I tend to pay attention to synchronicity, which is to say that when recurring images or thoughts, phrases, songs, personages, situations, nouns, verbs, physical traits or other ephemera repeat themselves within range of my seven senses, I take note. Lately, there seems to be a debate, indeed a reengagement of a conversation about what makes homo sapien the dominant species on planet earth.

The two sides are quite simply: language or tools. Now obviously the answer is -- both! But that does not settle the argument, at least not in the academic circles of this circular universe. Today I encountered the following logic: when archeologists search for meaning in ancient human settlements besides human remains (bones) we typically look at cultural artifacts. Artifacts being the stuff we made. We made this stuff with tools, which are considered a higher order of artifact because they are created in order to create other things. With the exception of some primates and a few birds, we have no observable evidence of other species using tools and obsoletely none of any other animal creating a Sears catalog to desseminate their tools.

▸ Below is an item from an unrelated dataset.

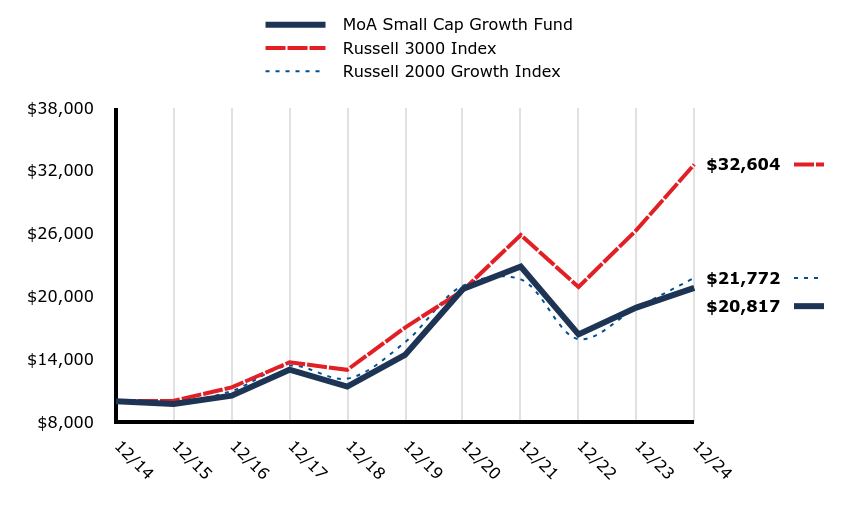 Growth of 10K Chart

Now the language folks would point out that an even higher order of artifact is the written word in the form of books, scrolls, tablets, cave paintings and even remnants in oral traditions. I would add that when one of our historic or pre-historic ancestors innovated and build a better hammer or mousetrap; the culture was more likely to be transformed or paradigm shifted when the caveguy next door could come over and say: "How'd ya do dat?"

I brought this up because in a skype conversation last night, one of my younger but wiser friends offered that language itself is an artifact but whether it is higher or lower order is really irrelevant particularly because the discussion is taking place in language, which makes words both mundane and sacred to us and perhaps the debate ---- well . . . academic?